Vidéo montrant les deux baleines à bosse formant le filet de bulles :
En effet, bien que cette stratégie de chasse ait déjà été décrite par les scientifiques, elle reste rarement observée et encore moins filmée. Elle n’a jusque récemment été cataloguée que chez les populations de baleines de l’hémisphère Nord. Avec l’utilisation des drones caméra, les filets de bulles commencent désormais à être observés dans l’hémisphère Sud et dans les régions marines les plus éloignées, comme la haute mer.
Les bulles : un kit d’outils polyvalents pour les baleines
Pour créer les filets à bulles, les baleines forment des groupe de deux ou plus et effectuent une sorte de ballet synchronisé. Elles entourent et piègent temporairement des bancs de poissons ou de Krill en effectuant avec une étonnante précision des boucles de plus en plus serrées, tout en libérant un flux d’air constant.
En règle générale, l’une des baleines produit des bulles tandis que les autres effectuent des manœuvres de regroupement visant à rassembler les proies. Une fois le piège formé, elles chargent ensemble par dessous, au centre de la spirale, la gueule grande ouverte pour avaler un maximum de nourriture.
Les expéditions scientifiques au cours des dernières décennies ont également montré que les baleines ne se servent pas des bulles uniquement dans un contexte de chasse. Elles s’en serviraient aussi à d’autres fins. Ces animaux ne disposant pas de doigts libres ou de pouces opposables, cela témoigne d’une rare forme d’intelligence adaptative.
Un groupe de baleines a par exemple utilisé les bulles dans un contexte défensif, lorsqu’un mâle escortait une femelle et son petit. Alors que deux autres mâles cherchaient à s’approcher de trop près du groupe, le mâle protecteur s’est interposé entre eux et la femelle tout en soufflant une grande traînée de bulles. Cette tactique servirait probablement à désorienter les agresseurs et à cacher temporairement la femelle et son baleineau. D’un autre côté, cela aurait également pu servir de stratégie d’intimidation pour éloigner les agresseurs.

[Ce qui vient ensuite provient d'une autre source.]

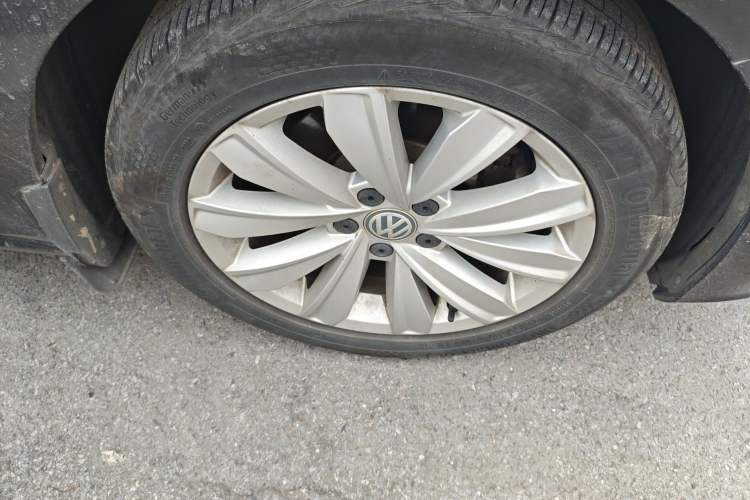 Used Volkswagen Passat 2019 280TSI Elite Edition China V Standard Right Front Wheel Hub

Dans certains cas, certains assaillants ripostent en créant, eux aussi, leurs propres traînées de bulles.
D’autre part, l’utilisation des bulles est aussi observée dans des contextes de jeux et de parades nuptiales. De jeunes femelles ont été aperçues en train de « dessiner » des rideaux et des cercles de bulles, alors qu’il n’y avait aucune proie ou autres baleines aux alentours. Chez beaucoup d’animaux, le jeu facilite la pratique de comportements qui sont convertis en compétences utiles pour la survie plus tard dans la vie.
D’un autre côté, des mâles en compétition pour une femelle ont été observés en train de produire des anneaux de bulles. Certains ont également été aperçus soufflant de minces faisceaux de bulles en direction de la partie génitale des femelles, probablement dans le but de procurer une stimulation précopulatoire.